When asked about the move, Mr. Smith said: "It is a little tricky, but what we have done is we have started making contacts, visiting selectively with buyers and analysts in the States. But we have been reluctant to do a full roadshow because while we did the listing, we actually never did an offering with it."
Since the Bank of Bermuda launched on the Nasdaq in 2002, the bank has been talking about a roadshow to promote its shares with a view to improving the price of its stock.
Last October, the bank's executive said in a conference call following an earnings release that despite not putting forward an offering, the bank would be going on a roadshow.
But Mr. Smith said last week that they had changed their minds and said now the time is not right to do this.
Companies normally go on roadshows to explain their company to analysts who write about companies and then advise their clients to buy stock. Favourable reviews can put little-known stocks, such as Bank of Bermuda, on the radar screens of the world's investors, but Mr. Smith said that without a stock offering there would not be enough stock out there to buy and sell.
"We had hoped to do an offering but the market has been very very bad and that is very difficult for an offering," he told The Royal Gazette. "So rather than talk about ourselves to potential new investors, in the absence of any offering - anything to sell, it really didn't make a lot of sense.

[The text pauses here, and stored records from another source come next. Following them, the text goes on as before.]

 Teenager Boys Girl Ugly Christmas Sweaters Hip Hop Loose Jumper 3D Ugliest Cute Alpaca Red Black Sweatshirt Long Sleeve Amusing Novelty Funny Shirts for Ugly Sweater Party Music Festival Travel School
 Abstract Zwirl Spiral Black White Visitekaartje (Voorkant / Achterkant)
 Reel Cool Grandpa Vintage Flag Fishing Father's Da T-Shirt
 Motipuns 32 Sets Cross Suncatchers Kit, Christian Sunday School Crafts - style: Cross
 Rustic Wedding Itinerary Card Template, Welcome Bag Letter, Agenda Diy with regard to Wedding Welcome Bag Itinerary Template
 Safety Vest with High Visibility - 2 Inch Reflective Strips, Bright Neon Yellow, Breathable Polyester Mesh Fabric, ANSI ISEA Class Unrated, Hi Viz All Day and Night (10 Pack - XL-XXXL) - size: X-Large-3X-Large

"So the people who are invested in us already and the analysts that are following us we are trying to go and see them personally, but a roadshow is a thing that will have to wait until we are doing some kind of offering," he added.
When asked when a roadshow might happen, Mr. Smith said that would depend on how the markets did and if they improved enough to warrant an offering.

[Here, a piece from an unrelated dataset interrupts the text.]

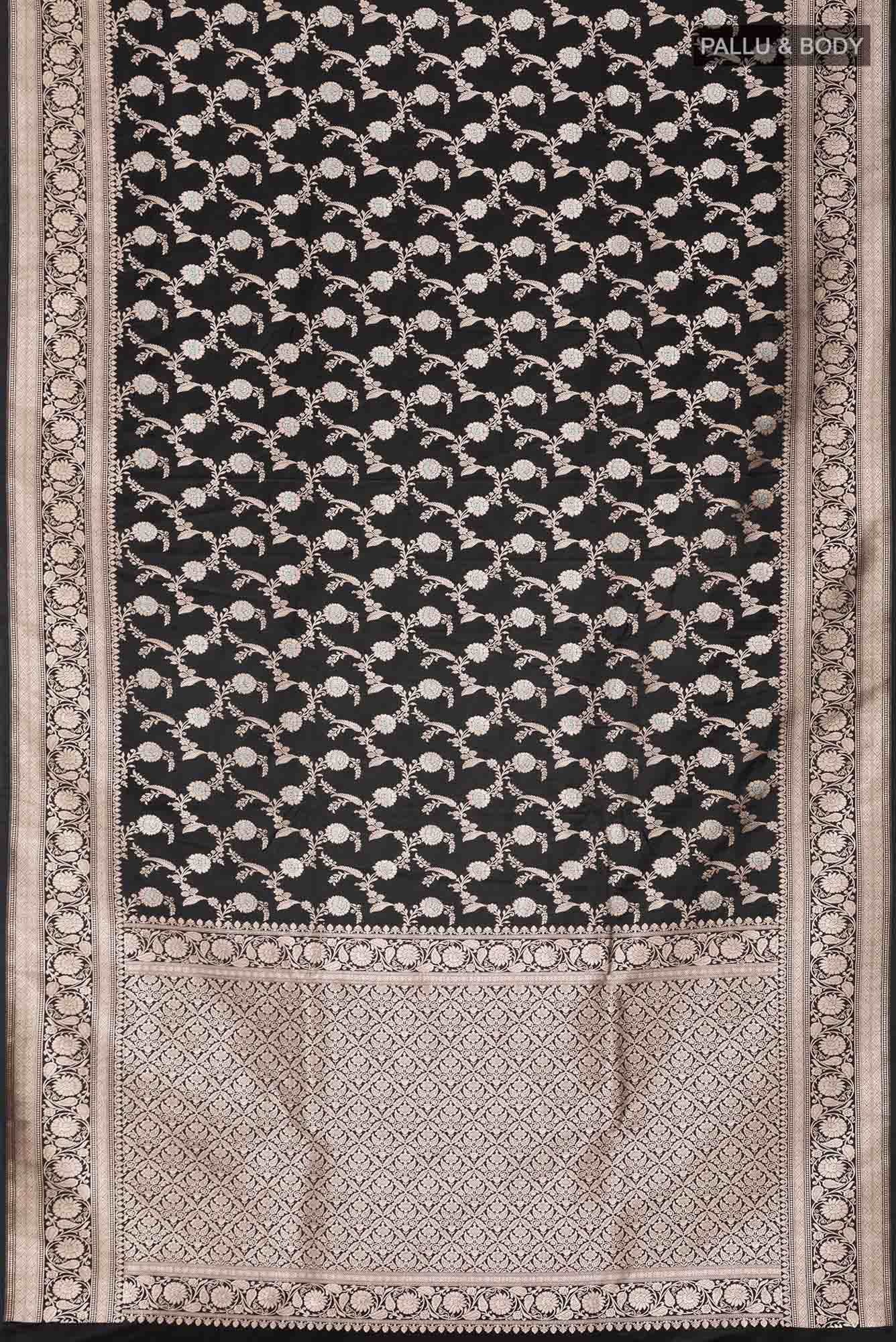 Black Blended Banarasi Silk Saree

"It would be driven by the fact that the markets improve, which would be the most likely, or if for some reason we just had to raise money, we would do it," he said. "But it is very unlikely. We are pretty well capitalised at this point. I don't expect anything in the near future because markets don't look like they are going to improve that much. But you never know. The best way to have the markets go up is to say that it won't."
Last October when asked by a caller, Dan Peduano, if they had planned a roadshow, chief financial officer Ed Gomez said: "We have been considering exactly that. We have not established a timetable, but it is something we need to do."
Mr. Smith agreed and said: "We are looking forward to doing just that. We really do feel that we are a bit of a strange animal in the marketplace. It would be great if we could hold an offering of some sort, but it would be great to get to know you (the analysts) all a bit more."